July 03, 2008

Brideshead Vandalized

Jonathan Last on the "new and improved" version of Brideshead Revisited set to open in theatres later this summer:

Yes, the new Brideshead features a villain--Lady Marchmain. Instead of a pious, if clumsy, near-saint, Lady Marchmain is now ambitious and manipulative. "I hope you didn't let Julia mislead you," she sternly warns Charles. "Her future is not a question of choice." The future she seems to be alluding to is a marriage of power and wealth to a man of consequence. A moment later, we see Lady Marchmain at a large gala where she announces, "It gives me great pleasure to announce the engagement of my eldest daughter, Lady Julia Flyte, to Mister Rex Mottram." Waugh's Lady Marchmain never has plans for Julia's future--the Marchmains' situation is above either financial or social improvement.
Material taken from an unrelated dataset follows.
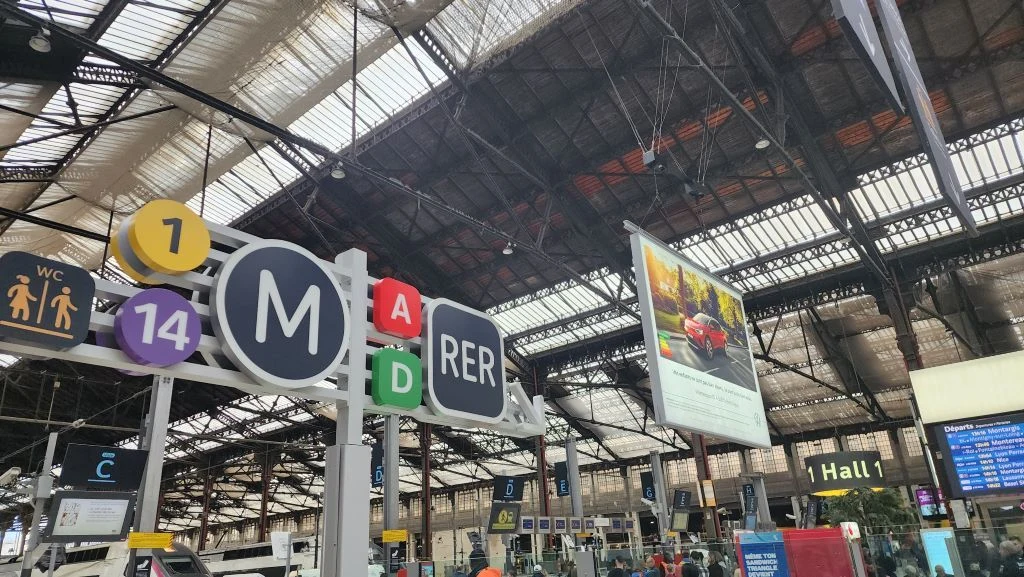 The access to the Metro and RER on the Hall 1 concourse at Gare De Lyon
And when Julia becomes engaged to the decidedly non-Catholic Rex, Lady Marchmain is given the very opposite of pleasure.

The bizarre reimagining of Lady Marchmain seems to be a result of the excision of Catholicism from the new Brideshead. The screenplay reportedly stays away from matters of the church and the trailer makes but one allusion to it, showing a rosary falling from someone's hand. And, if there is none of that fussy Catholic stuff in the new Brideshead story, then the pious Lady Marchmain might reasonably be seen as a heel. As her younger daughter Cordelia observes in the novel, "When people wanted to hate God, they hated Mummy." Take away God, and Lady Marchmain may be little more than a controlling shrew.

The rest of the movie's marketing is of a piece with the trailer. The squib on the theatrical poster declares, "Privilege. Ambition. Desire. At Brideshead everything comes at a price." Another slogan claims that "Love is not ours to control." The entire affair comes across more like a prequel to Cruel Intentions than an adaptation of Waugh's masterpiece.

Ugh. Safe to say I'm not going near the beastly thing.

Posted by Robert at July 3, 2008 12:34 PM | TrackBack
Comments

I actually never saw the original, nor read the book. I've actually never read anything by either Evelyn Waugh nor Graham Greene nor any of the great 20th century Catholic novelists.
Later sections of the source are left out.